Hintergrund: Wegen der Verschiebung des Geltungsbeginns der EU-Verordnung 2017/745 über Medizinprodukte aufgrund der Covid-19-Pandemie hat sich kurzfristiger Änderungsbedarf im zu diesem Zeitpunkt bereits beschlossenen nationalen Durchführungsrecht, vor allem in den Inkraft- und Außerkrafttretensregelungen des Medizinprodukte-EU-Anpassungsgesetzes vom 28. April 2020 ergeben. Diese Änderungen wurden mit Artikel 15 des Zweiten Gesetzes zum Schutz der Bevölkerung bei einer epidemischen Lage von nationaler Tragweite vom 19. Mai 2020 vorgenommen.

Mit dem Gesetzentwurf sollen nach Mitteilungen des Bundestags vor allem Änderungen im Medizinprodukterecht-Durchführungsgesetz (Artikel 1 des Medizinprodukte-EU-Anpassungsgesetzes) und in weiteren Gesetzen vorgenommen werden, die wegen des Verschiebens der Geltung genannten EU-Verordnung notwendig sind.

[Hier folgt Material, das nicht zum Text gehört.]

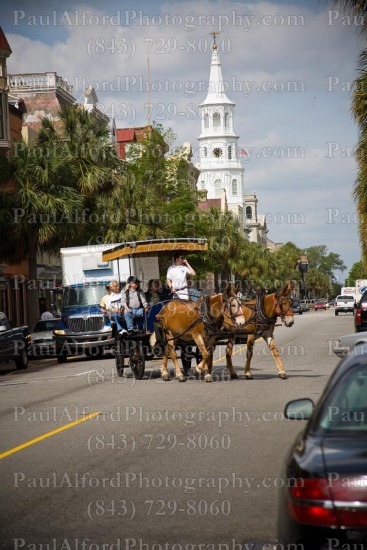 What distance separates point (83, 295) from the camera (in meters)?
33.6

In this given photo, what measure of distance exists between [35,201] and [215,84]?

Die jetzt geplanten Änderungen betreffen unter anderem                  

–      Meldepflichten des Prüfers oder Hauptprüfers an den Sponsor einer klinischen Prüfung,

–      Verfahrungsregelungen für die Risikobewertung von Medizinprodukten, die Eigentum des Patienten sind und

–      eine Regelung der zuständigen Marktüberwachungsbehörde für über das Internet angebotene Produkte.

Bundesrat empfiehlt Regelungen zur Zertifizierung von Aufbereitern

Die Länderkammer hat in ihrer 1.000 Sitzung am 12. Februar 2021 vorgeschlagen, im weiteren Gesetzgebungsverfahren Regelungen zur Anerkennung und Überwachung von Benannten Stellen für die Zertifizierung von Gesundheitseinrichtungen und externen Aufbereitern aufzunehmen. Die Bundesregierung hat dem Vorschlag in ihrer Gegenäußerung zur Stellungnahme des Bundesrates bereits zugestimmt (Anlagen 3 und 4 der Drucksache 29/26942).